In 1920, with the Russian Civil War still raging, workers at a factory on the Volga took fourteen burned-out French Renault FT tanks, rebuilt them from wreckage, and assembled one entirely new copy. They named it "Freedom Fighter Lenin." The factory was not a military arsenal. It was a shipyard, the same one that had built Russia's first steam dredger in 1858 and its first open hearth furnace in 1870. That capacity to become whatever the moment demanded -- ships, locomotives, tanks, hydrofoils -- has defined the Krasnoye Sormovo Factory for nearly two centuries.
The shipyard was founded in 1849 as the Nizhny Novgorod Machine Factory, a joint venture between a local manufacturing company and the Volga Steam Navigation line.

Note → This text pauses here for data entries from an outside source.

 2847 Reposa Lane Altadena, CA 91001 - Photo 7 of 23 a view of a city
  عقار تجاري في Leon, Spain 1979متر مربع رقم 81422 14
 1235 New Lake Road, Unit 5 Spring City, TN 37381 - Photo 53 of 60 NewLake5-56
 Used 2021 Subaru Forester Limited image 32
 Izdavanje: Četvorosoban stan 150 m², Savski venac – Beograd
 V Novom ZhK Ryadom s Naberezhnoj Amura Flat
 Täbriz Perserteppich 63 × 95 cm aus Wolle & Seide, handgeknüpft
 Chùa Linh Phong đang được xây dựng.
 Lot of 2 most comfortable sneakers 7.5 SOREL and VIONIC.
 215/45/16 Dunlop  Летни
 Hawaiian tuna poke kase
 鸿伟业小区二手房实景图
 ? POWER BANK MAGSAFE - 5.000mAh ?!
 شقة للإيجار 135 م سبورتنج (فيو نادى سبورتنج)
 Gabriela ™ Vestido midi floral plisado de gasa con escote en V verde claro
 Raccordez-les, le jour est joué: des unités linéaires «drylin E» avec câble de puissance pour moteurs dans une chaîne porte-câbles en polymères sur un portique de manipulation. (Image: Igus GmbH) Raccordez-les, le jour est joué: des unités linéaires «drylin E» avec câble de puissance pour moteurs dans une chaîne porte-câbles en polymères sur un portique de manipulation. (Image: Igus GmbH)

Within two years, workers were constructing solid metal steamers. By 1854, the factory had progressed to screw-driven schooners, and four years later it produced the first Russian steam dredger. The plant's ambitions outpaced its original purpose almost immediately. It manufactured steam engines, carriages, bridges, diesel engines, cannons, pontoons, and projectiles alongside the ships. Between 1849 and 1918, 489 vessels left its yards. In 1870, the first open hearth furnace in Russia was built here, followed the next year by the two-decked steamship Perevorot. The factory sat at the intersection of the Volga's commercial power and Russia's hunger for industrialization, and it absorbed every demand the empire could throw at it.
Starting in 1898, steam locomotives became one of Sormovo's chief products. The factory maintained close ties with Krauss Lokomotive Works in Munich -- Krauss delivered its first locomotive to Sormovo in 1884 -- and advertised in industrial magazines across Europe until the outbreak of World War I severed those connections. The output was staggering: 2,164 locomotives between 1898 and 1917, another 1,111 during the early Soviet period through 1935, and 200 specialized 0-8-0 models built in partnership with the Kolomna Locomotive Works. After a wartime pivot to submarine diesel motors, locomotive production resumed from 1947 to 1951 with 411 units of the standard Soviet Su 2-6-2 passenger type. In total, the factory turned out 3,886 steam locomotives over 53 years. Each one was built beside the same Volga riverbanks where the original steamers had launched half a century earlier.
War repeatedly transformed Sormovo. During the Civil War, the factory built armored trains and armed vessels for the Volga Military Flotilla. The rebuilt Renault tanks of 1920, dubbed the Russkiy Reno, were among the Red Army's first armored vehicles. In 1922, the word Krasnoye -- "Red" -- was officially added to the factory's name. The real test came during World War II, when the plant shifted to producing the T-34 medium tank, widely regarded as one of the most significant armored vehicles in military history. In 1943, designer V. Kerichev created the turret for the upgunned T-34-85 variant at Sormovo. The factory's wartime contributions earned it two Orders of Lenin, in 1943 and 1949, plus the Order of the Patriotic War, First Class, in 1945.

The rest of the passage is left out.